Now you may prefer to read a book that requires no additional effort on your part other than enjoyment! No worries, The Weight of Ink is a brilliant and engaging work of historical fiction that can be appreciated without once initiating a Google search! (I’m just nerdy that way!)
Set in seventeenth-century and early twenty-first-century London, The Weight of Ink is the story of two women, Ester Velasquez an emigrant from Amsterdam who scribes for a blind rabbi, and Helen a modern-day Jewish scholar.
Their stories intersect when Helen finds a remarkable trove of seventeenth-century Jewish documents in a home in London. Piecing together the story behind the documents, Helen enlists the help of a young American academic Aaron Levy.
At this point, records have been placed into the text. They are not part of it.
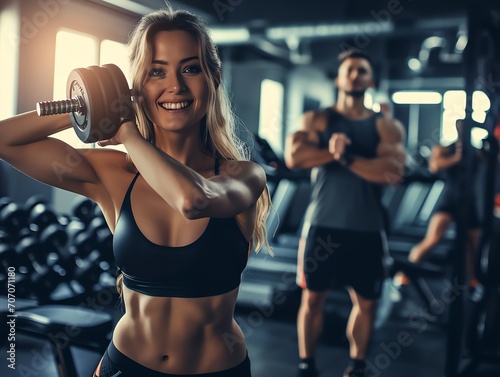 Young fitness Woman practicing exercises in a Gym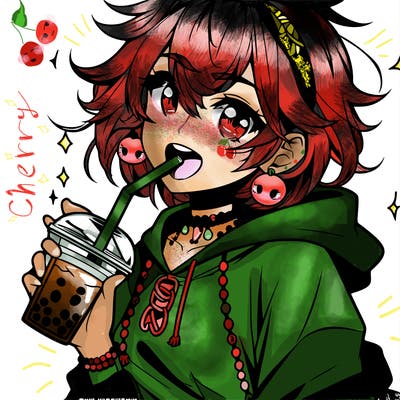 hot baddie anime girl drinking boba and biting the straw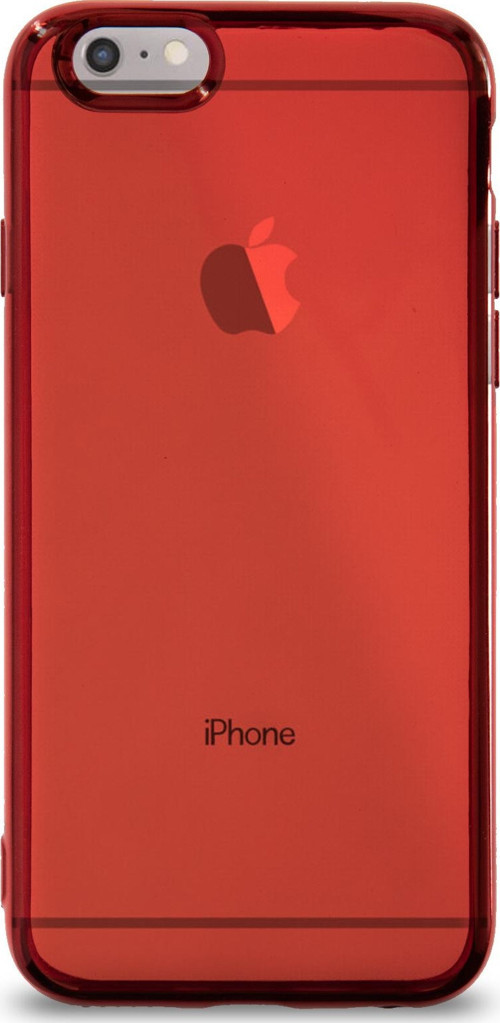 Apple iPhone 6S Kılıf Renkli Şeffaf Exclusive Silikon Kapak - Kırmızı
Suspenseful as any mystery novel, The Weight of Ink is an atmospheric, absorbing read not unlike Geraldine Brooks’s People of the Book or A.S. Byatt’s Possession. See The Coffee Trader too. Highly recommend!
WHAT OTHER REVIEWERS SAY
Toni Morrison: “A gifted writer, astonishingly adept at nuance, narration, and the politics of passion.”
WHO WROTE IT
Rachel Kadish is the award-winning author of the novels From a Sealed Room and Tolstoy Lied: A Love Story. Her work has appeared on NPR and in the New York Times, Ploughshares, and Tin House. The Weight of Ink won a National Jewish Book Award in 2017.